It's just that 90% of campaigns end, collapse, or is wrapping up before specialization becomes incentivized.

If more people played to or started at post level 8 play, 80% of martials and 90% of fighters would hit the Ability score cap and specialize with their level 12 ASI.

Honestly PAM and GWM are at the most powerful in the early game. Even at lv4, it provides a consistent use of bonus action AND a relatively reliable reaction, for +100-200% damage. Dueling PAM is legit.
Even better, it starts letting you have a fun turn early on. Instead of "I hit it with my sword, next player", it's "I stab it with my spear, I whip around and bash with the blunt end, and i set to defend so I can stab the next one who approaches". It's not just a white room power build, it's a fun build.
 

Minigiant

Legend
Supporter
Honestly PAM and GWM are at the most powerful in the early game. Even at lv4, it provides a consistent use of bonus action AND a relatively reliable reaction, for +100-200% damage. Dueling PAM is legit.
Even better, it starts letting you have a fun turn early on. Instead of "I hit it with my sword, next player", it's "I stab it with my spear, I whip around and bash with the blunt end, and i set to defend so I can stab the next one who approaches". It's not just a white room power build, it's a fun build.
Nah.
TWF with a ASI is better than PAM alone at low level. And GWM doesn't come to power until you have a high bonus or reliable source of advantage.

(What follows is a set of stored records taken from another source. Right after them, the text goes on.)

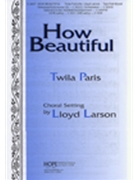 How Beautiful by Paris Twila - Larson Lloyd - for 2-Part Mixed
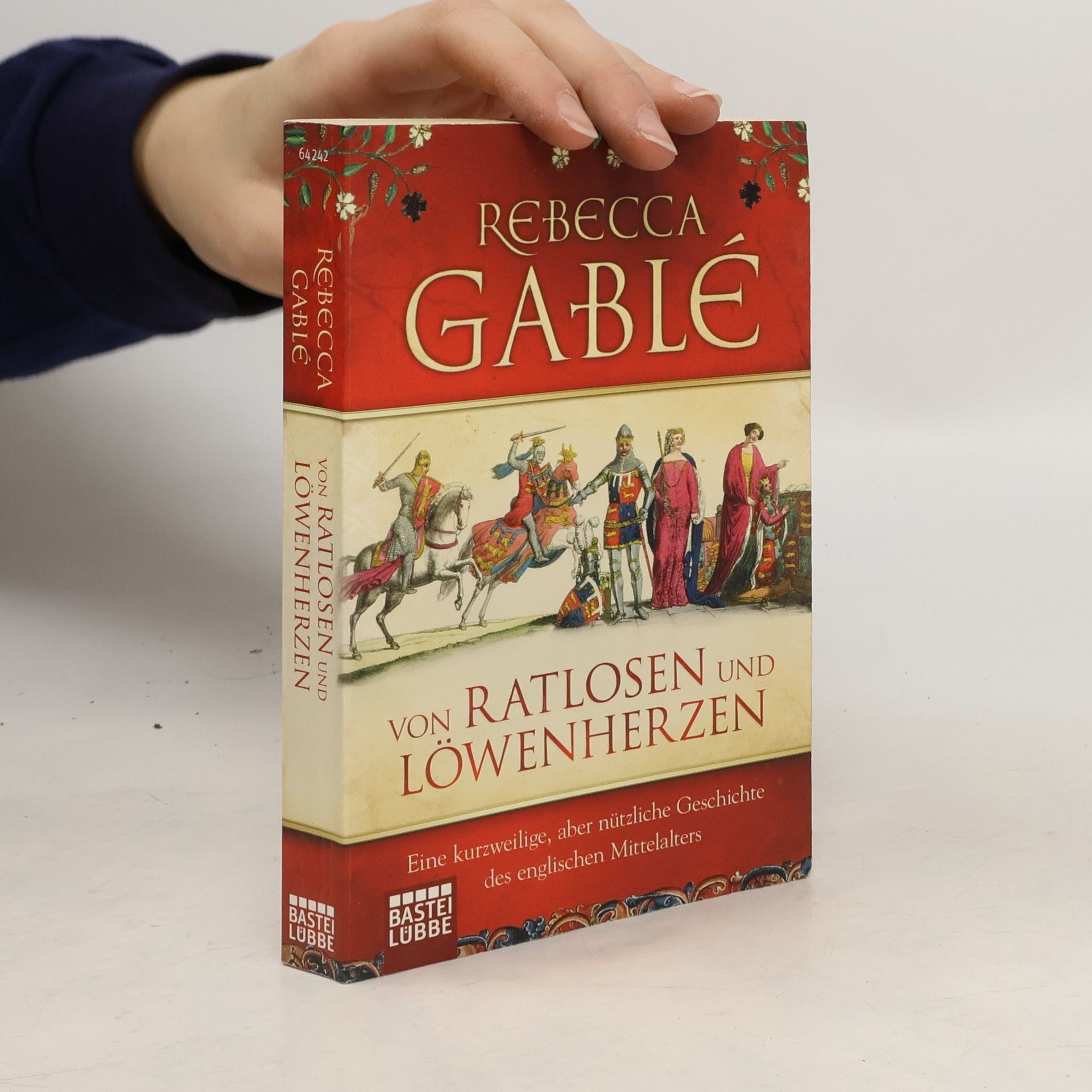 Rebecca Gablé Von Ratlosen und Löwenherzen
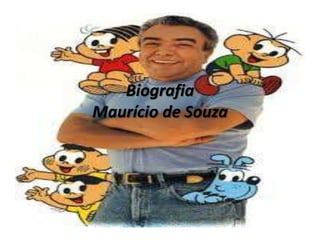 Biografia
Maurício de Souza
 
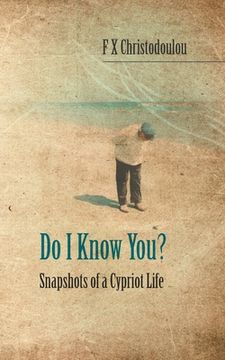 portada Do I Know You?: Snapshots of a Cypriot Life (in English)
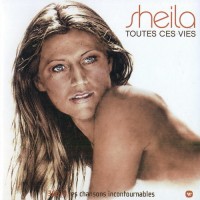 Purchase Sheila - Toutes Ces Vies - Les Chansons Incontournables CD2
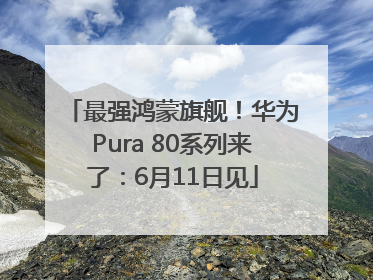 最强鸿蒙旗舰！华为Pura 80系列来了：6月11日见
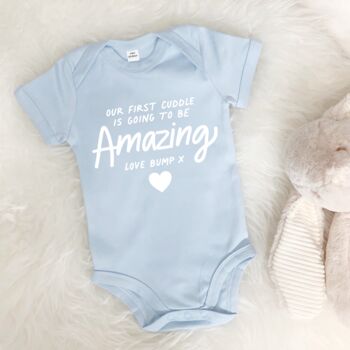 Our First Cuddle Will Be Amazing Love Bump Babygrow, 4 of 7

If you don't have that reliable accuracy buff or high stats, PAM/GWM isn't worth it.
 

Trasvi

Explorer
Nah.
TWF with a ASI is better than PAM alone at low level. And GWM doesn't come to power until you have a high bonus or reliable source of advantage.

If you don't have that reliable accuracy buff or high stats, PAM/GWM isn't worth it.
That doesn't contradict what I said... I didn't say pam was the best, but it was at its best, because proportionally its giving the most extra attacks.
Even so it doesnt end up much behind twf, duelling giving a good damage bonus on your butt attacks, and its ahead if you can pull off the reaction once or twice per combat. Plus duelling gets the shield, which is nice.
Plus the whole thing about giving you more to do during the combat round.

Edit. Probably right about GWM though, I'll need to match out when it gets really good.